## [Records]

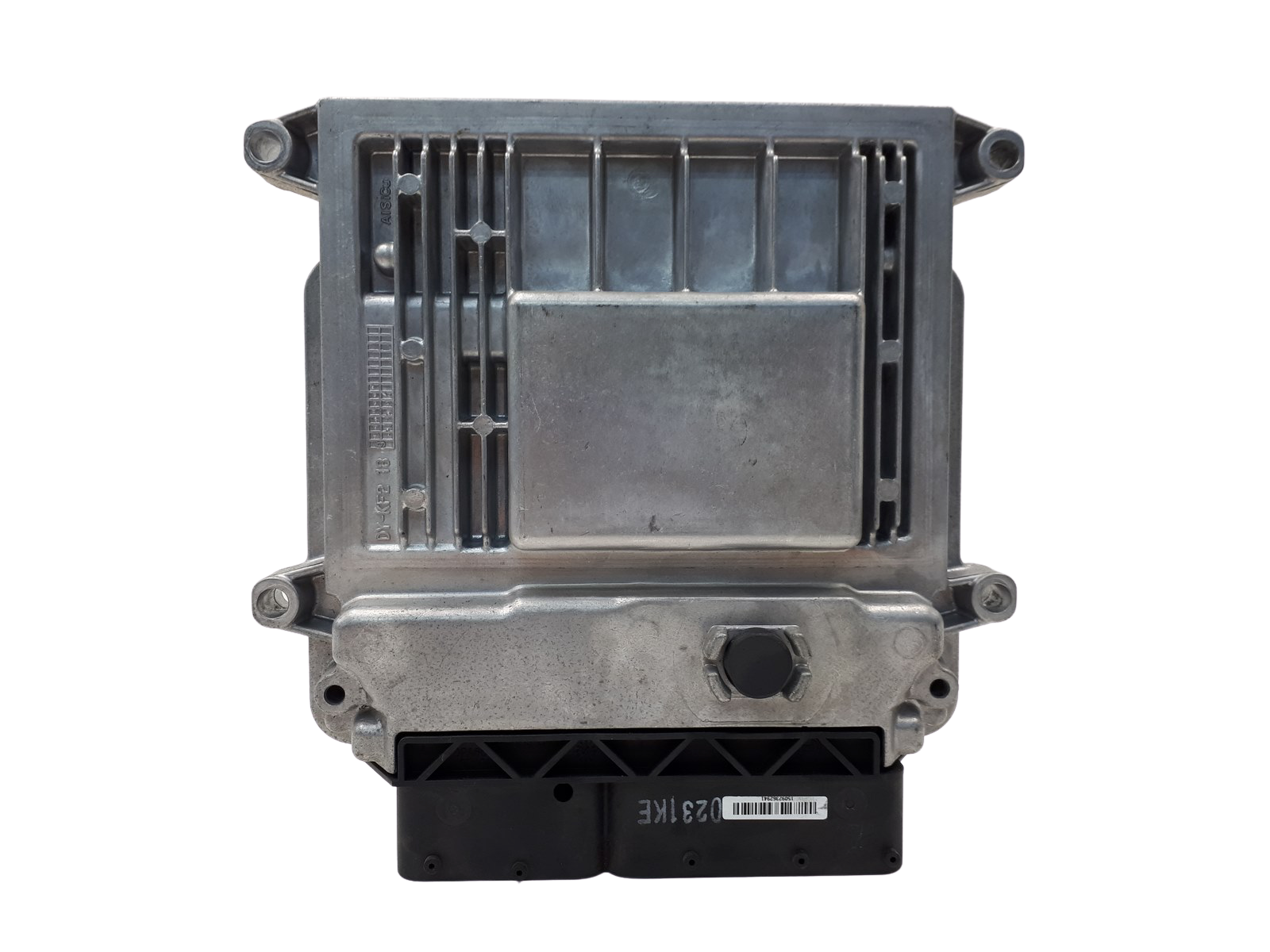 Variklio Valdymo Blokas ECU KIA 39114-2B240 B124 9001040231KE Kefico main product photo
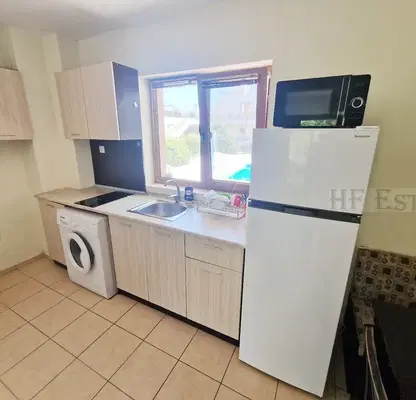 Photo 5 — 1-bedroom apartment in Varna, Byala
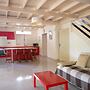 Hostel Toucan Kaz Mboeja Kuaa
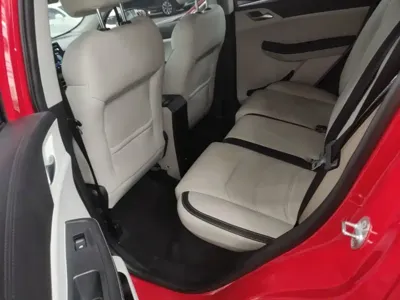 BYD Yuan Pro 2021, 85900 км, за 6915.7 USD - фото 17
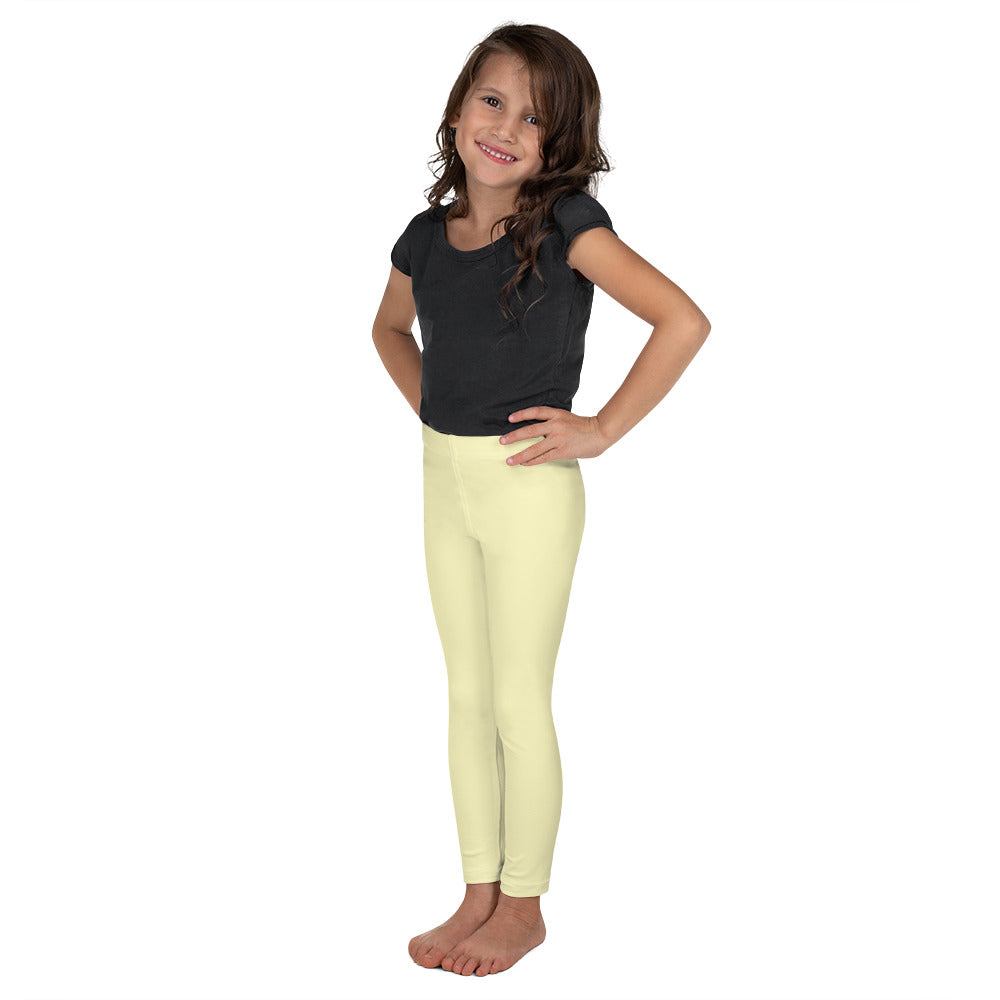 Lordela Cumulas Kid's Leggings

## [Exercise instructions]
Output everything in the material exactly. Pictures stay out of it.

## [Result of this exercise]
 Variklio Valdymo Blokas ECU KIA 39114-2B240 B124 9001040231KE Kefico main product photo
 Photo 5 — 1-bedroom apartment in Varna, Byala
 Hostel Toucan Kaz Mboeja Kuaa
 BYD Yuan Pro 2021, 85900 км, за 6915.7 USD - фото 17
 Lordela Cumulas Kid's Leggings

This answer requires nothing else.